At least five Palestinians, including a 1-year-old child, were killed Saturday as Israel responded with force to thefiring of 200 rockets earlier from Gaza into southern Israel, according to the Palestinian Health Ministry.
Air-raid sirens sounded across southern Israel as the rockets were fired from the Gaza Strip, according to the Israel Defense Forces, sending residents running for bomb shelters. The IDF initially said 200 rockets were fired but later increased the number to about 250. Dozens were intercepted by the Iron Dome defense system, and 70 percent of the rockets landed in open areas, it said.
Israel Police spokesperson Mickey Rosenfeld said there were heightened security measures in the south and increased patrols in cities after the wave of rockets. He said police bomb disposal experts were responding to rockets that have struck open areas in the south.
Rosenfeld said a house was damaged by a rocket in the town of Ashkelon, not far from the border with Gaza, but its occupants were safe.
MDA, Israel's emergency medical service, said a 50-year-old man was treated for shrapnel wounds after getting injured in one of the town streets.
It also said a 50-year-old woman was "severely injured" in a nearby town of Kiryat Gat after suffering shrapnel wounds.
The IDF said on Twitter that its tanks had begun to strike Hamas military targets. It said later Saturday that it has struck approximately 30 targets along the Gaza Strip.
Saturday's missile barrage comes after the IDF said that shots were fired at Israeli troops from southern Gaza on Friday, injuring two soldiers.
In response, an IDF aircraft targeted a military post of Hamas, an Islamic militant group that has ruled over the territory since 2007. Hamas said that two of its members were killed and three were wounded in that strike.
Hamas would "continue to respond to the crimes by the occupation and it will not allow it to shed the blood of our people," its spokesman Abdel-Latif al-Qanoua said in a statement on Saturday. He made no explicit claim for Hamas having fired the rockets.
The escalation, which comes just before both the Muslim holy month of Ramadan and Israel's Independence Day holiday, prompted Israeli Prime Minister Benjamin Netanyahu to convene security chiefs, Reuters reported.

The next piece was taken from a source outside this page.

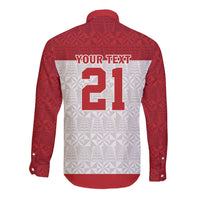 Queensland Tonga Custom Long Sleeve Button Shirt QLD with Tongan Ngatu Pattern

The U.S. State Department in a statement Saturday said, "The United States strongly condemns the ongoing barrage of rocket attacks by Hamas and Palestinian Islamic Jihad from Gaza upon innocent civilians and their communities across Israel," and that "we call on those responsible for the violence to cease this aggression immediately."
"We stand with Israel and fully support its right to self defense against these abhorrent attacks," the U.S. State Department said. The Israel Defense Forces also blamed the Palestinian Islamic Jihad and Hamas for the rocket attacks.
Israel and Hamas have managed to avert all-out war for the past five years. Egyptian mediators, credited with brokering a ceasefire after a Hamas rocket attack north of Tel Aviv in March triggered a burst of intense fighting, have been working to prevent any further escalation of hostilities.
Gaza, which is home to around two million Palestinians, has seen its economy suffer after years of blockades as well as recent foreign aid cuts. Unemployment stands at 52 percent, according to the World Bank.
Israel says its blockade is necessary to stop weapons reaching Hamas, which has fought three wars with Israel in the past decade.